For those who have never heard of Westmoreland, all you really need to know is that in 2006, he and 32 of his other Southern white brethren voted against renewing the 1965 Voting Rights Act, which, among other things, guarantees Blacks the right to vote.

The hypocrisy of white Republicans--whose party openly represents the interests of the wealthy and the most conservative wing of American capitalism--calling Obama "uppity" and "elitist" would be funny if their actions weren't helping to legitimize cruder forms of racism that have emerged during the course of this never-ending election.

A few days ago, at a conservative convention where Newt Gingrich and Mitt Romney were featured speakers--both McCain and Palin were invited, but sent their regrets--one stand did a booming business selling "Obama Waffles" mix for $10 a box.

The box was adorned with a picture of Obama with a big smile, huge lips and bulging eyes--like something out of the antebellum South. On the back of the box, Obama was pictured in a sombrero, alluding to his supposed plans to "flood" the U.S. with "illegal aliens." And, of course, there was the ubiquitous image of Obama in a turban.

The sellers chalked it up to political satire--and dared anyone to call them bigoted.


THE USE of racism in American politics isn't new, by any means, but the methods for invoking it have changed.

In the 1968 election for president, Republican Richard Nixon crafted the so-called "Southern Strategy" of making coded racist appeals to win white votes.

The Southern Strategy was an acknowledgement that open anti-Black racism would no longer be tolerated, now that African Americans' right to vote was firmly established. But with the Democratic Party falling apart because of its inability to contain the contradictions of being both the formal party of civil rights in the North and the party of Jim Crow in the South, the Southern Strategy was, above all, about winning the rural, white Southern vote into the Republican sphere.

Attacking the Black movement as "criminal" became the centerpiece of this strategy. Black political struggles, from civil rights to urban rebellions, were accused of creating a growing sense of chaos, disorder and crime in American cities. This was conveyed through perpetual references to "urban crime" or "urban disorder." There were more banal appeals around "urban problems," but the inference was clear--Blacks were the cause.

Nixon's cynical use of race was only the beginning. A succession of American politicians--from both major parties--regularly invoked racist stereotypes that conflated social problems found in all inner cities with Black life. These, in turn, became the touchstone for all that was and remains wrong with American society, according to the politicians: drugs, crime, welfare, teen pregnancy, homeless and poverty.

In the 1980s, Ronald Reagan picked up Nixon's mantle by campaigning across the South--he launched his 1980 campaign in Philadelphia, Miss., where three civil rights workers were murdered in 1964. In office, Reagan regularly invoked fictitious characters like "welfare queens" to justify his program of cutting back on social programs.

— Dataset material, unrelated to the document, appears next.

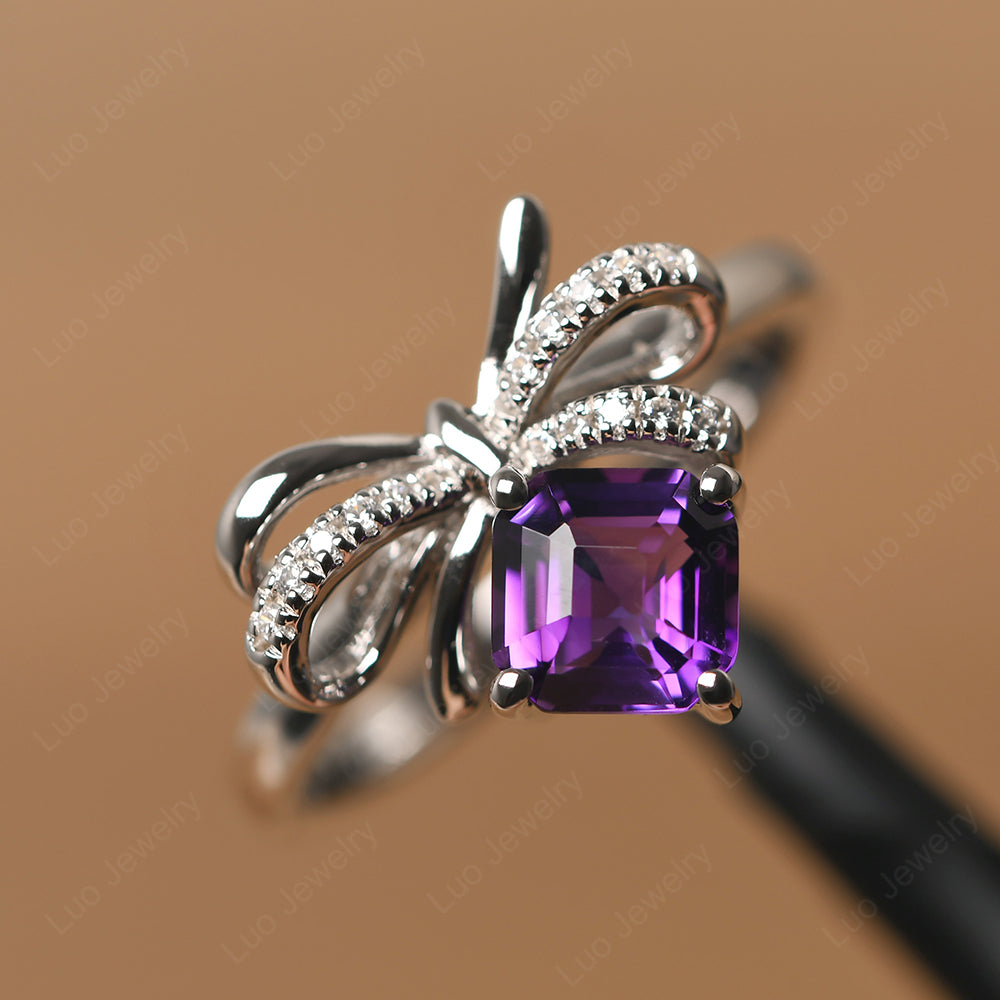 Asscher Cut Amethyst Bowknot Ring - LUO Jewelry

Reagan and his successor, George H.W. Bush, declared a war on drugs--which, in reality, meant a war on young Black men. Bush used an unapologetically racist ad--about Willie Horton, a Black man who was accused of a killing a white woman while free on a prison work-release program--against opponent Michael Dukakis, but the first politician to raise Horton was fellow Democrat and future vice president Al Gore.

When he ran for president in 1992, Bill Clinton made fighting crime and ending welfare big aspects of his campaign--both of which were used to convey a message that he was not beholden to Black "special interests." The most outrageous example of this was his public admonition of a Black female rap artist--a strange target for a presidential candidate.

During the hotly contested election of 2000--the one that George W. Bush eventually stole--both Bush and McCain, his main opponent for the Republican nomination, jockeyed over the meaning of the Confederate Flag during the South Carolina primary. Their pandering signaled their contempt for African American voters and their desire to win the white, racist rural vote.

In the current election, it was the Clintons who unleashed the racist genie from its bottle during the Democratic primaries, out of a sense of desperation and entitlement when Hillary Clinton fell behind Obama. After all, it was Hillary Clinton--she with a net worth of $34.9 million--who first accused Obama of being an "elitist" who is "out of touch" with "hardworking" people.


THAT CLINTON'S strategy ultimately failed says quite a bit about the degree to which the grip of racism on American society has loosened since Nixon's Southern Strategy campaign 40 years ago. Millions of ordinary whites voted for Obama, and he now stands on the verge of becoming the first African American president of the U.S.--a country founded on slavery.

That said, racism remains an effective tool of division and distraction in the hands of politicians who have no answers for the growing and profound crises gripping the U.S.

Clinton's campaign did help narrow Obama's lead in the waning months of the Democratic primaries. Clinton was able to prey on the anxieties, cynicism and despair among many white workers who are frustrated and angry about declining living standards and, in some cases, quick to blame immigrants and Blacks.

McCain and the Republicans are set on using the same strategy. Thus, opinion polls show that efforts at demonizing Obama as urban, elitist and "out of touch" have had some success in convincing some white voters, who under other circumstances would vote Democratic, to consider McCain. Plus, there's also a small group of former Clinton supporters who refuse to vote for Obama and threaten to join the McCain camp.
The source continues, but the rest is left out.